Jusqu'alors, je ne m'étais pas projetée dans la réparation de la ville. Et cela m'a passionnée », se remémore-t-elle.

« Savoir raconter un aménagement ». « Aujourd'hui, réparation est un mot qui revient sans cesse chez elle, remarque son cadet, Thibault Barbier, urbaniste et paysagiste de l'Atelier Georges qui travaille notamment à ses côtés sur la requalification d'une zone d'activités rennaise en déshérence (lire p. 54-55). Elle qui connaît parfaitement les mécanismes de la production de la ville, elle les utilise et les pousse aujourd'hui pour faire prendre aux projets une tournure sociale et écologique. » Cet apprentissage de la fabrique urbaine, Claire Schorter l'a poursuivi à l'agence Reichen et Robert & Associés. Auprès de Bernard Reichen, elle apprend notamment à transformer un projet en récit. « Un aménagement prend tellement de temps, qu'il faut savoir établir une stratégie, savoir le raconter », explique-t-elle. Là encore, elle prend part à des projets immenses.

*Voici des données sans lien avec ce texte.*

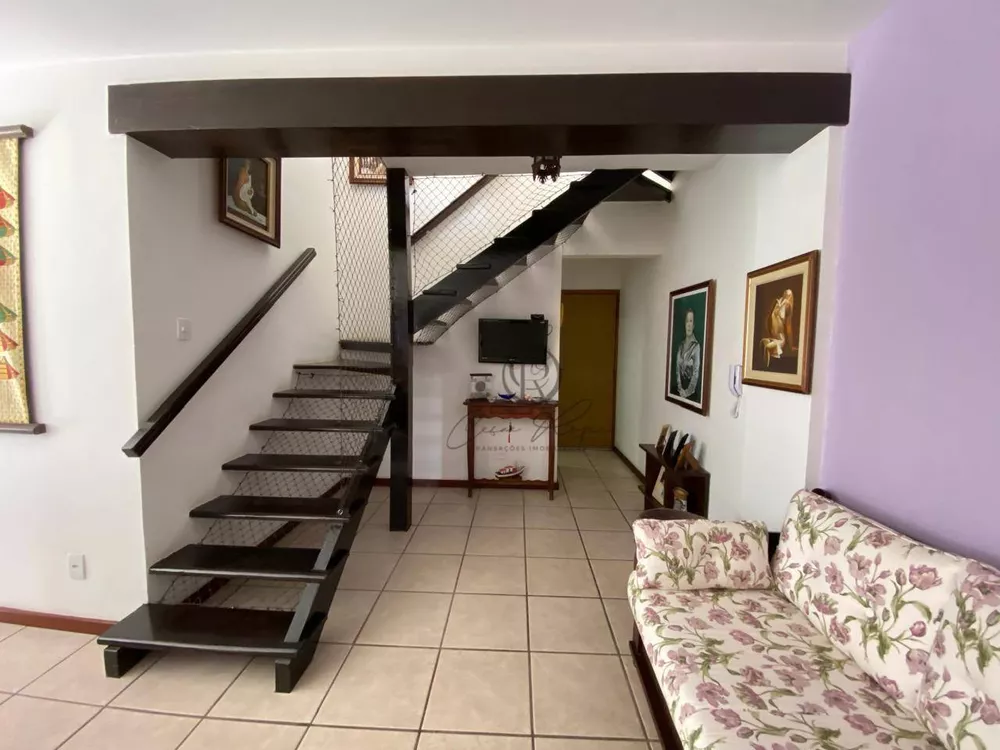 Cobertura, 3 quartos, 220 m² - Foto 4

Mais elle ressent le besoin d'interroger son travail, de repositionner sa pratique sur les modes de vie. Elle le fait d'abord en 2011, en s'inscrivant au DPEA (diplôme propre aux écoles d'architecture) « architecture et philosophie » de l'Ensa Paris-La Villette. Deux ans plus tard, elle crée sa propre agence qui, en 2017, devient LAQ, pour « L'Amour des quartiers. » Ce nom, né d'un choix de son équipe, précise-t-elle, traduit l'objectif et la responsabilité qui en découle : faire de « l'architecture du quotidien, en défendre la qualité », de même que la méthode : « Aller sur le terrain, rencontrer les élus, les habitants… » Thibault Barbier reconnaît justement à Claire Schorter une capacité « à dire les choses simplement, sans jargon mais aussi à susciter la parole, à installer la négociation. Ainsi, elle parvient à embarquer tout le monde, la maîtrise d'ouvrage et les autres parties prenantes ». En bâtissant sur l'île de Nantes, l'architecte Raphaël Gabrion avait la sensation « qu'avec elle, tout allait toujours bien se passer et que, si nous n'étions pas d'accord, il était possible de discuter ». Anne Pezzoni mettrait probablement cela sur le compte de la « folle énergie positive » de son amie.

(1) Films plastiques auto-adhésifs et préimprimés, pour délimiter les zones programmatiques.